The ascent to the seventh heaven was not incidental to the Torah Moses received. It was preparatory. You cannot transmit the law of creation to a people without first understanding what creation is held inside of. Moses saw the Hayyot and then descended with the tablets. He understood what the law was for because he had seen what it was intended to order.

Why the Serpent Went Looking for Moses

There is a thread of tradition in the Legends of the Jews that runs alongside the ascent narrative in revealing counterpoint. After Eden, the serpent searched all of creation for Moses, interrogating the Tree of Knowledge, the stars, and the deep in turn. None of them could locate him. Moses had not yet been born.

The rabbis read this as a cosmological statement about what Moses represented. Every other human being was susceptible to the serpent's approach: the quiet suggestion that God's instructions might be interpreted more flexibly than stated. Moses was the one human being for whom that technique would not work. The serpent recognized this before Moses's parents did and went looking for him as a threat to be eliminated.

The serpent and Moses were both navigating the same cosmic architecture. One was moving through it from the bottom trying to find and destroy a particular soul. The other was moving through it from the top, receiving the Torah in the seventh heaven and bringing it back down. They were heading in opposite directions on the same map.

What the Creatures Teach

Exodus Rabbah, the fifth-century Midrash on the book of Exodus, records a disturbing incident on the road after Moses received his mission at the burning bush: God sought to kill him (Exodus 4:24). The Talmud interprets this as a consequence of Moses neglecting to circumcise his son. The man entrusted with the covenant had failed to perform its most basic act. He was stopped by a serpent. His wife Zipporah circumcised the boy immediately and the serpent released him.
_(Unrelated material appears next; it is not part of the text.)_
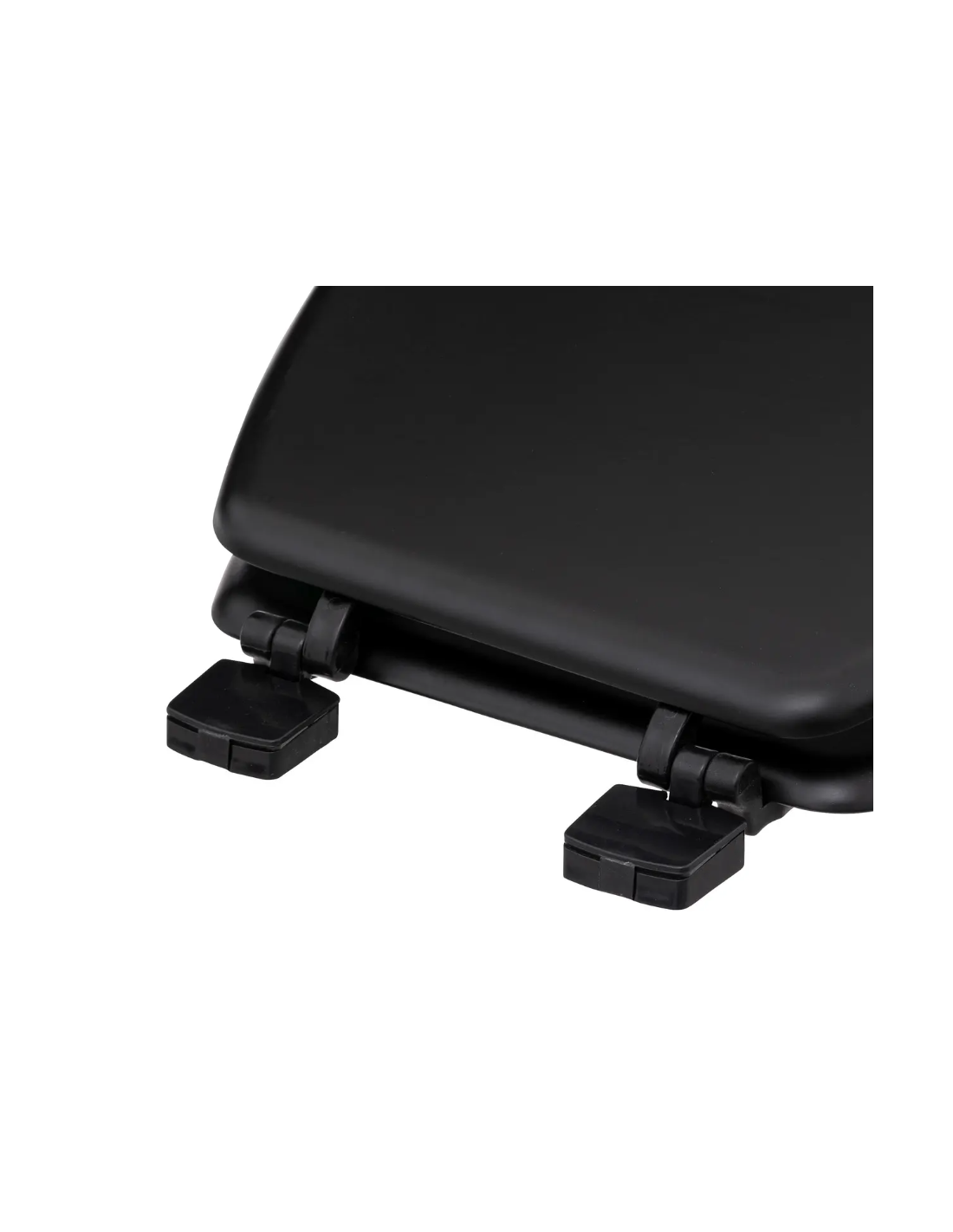 SEDILE WC 116803 COLORAMA NERO su TreG Ingrosso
Moses, who had seen the creatures that hold up heaven, who had met Zagzagel and learned Torah in the seventh palace, was nearly destroyed on a roadside because of a domestic oversight. The tradition does not soften this. The man who crossed the firmament still had to manage the obligations of a body, a family, and a covenantal community. The creatures that hold up heaven are beyond such things. Moses was not. That is precisely why God chose him instead.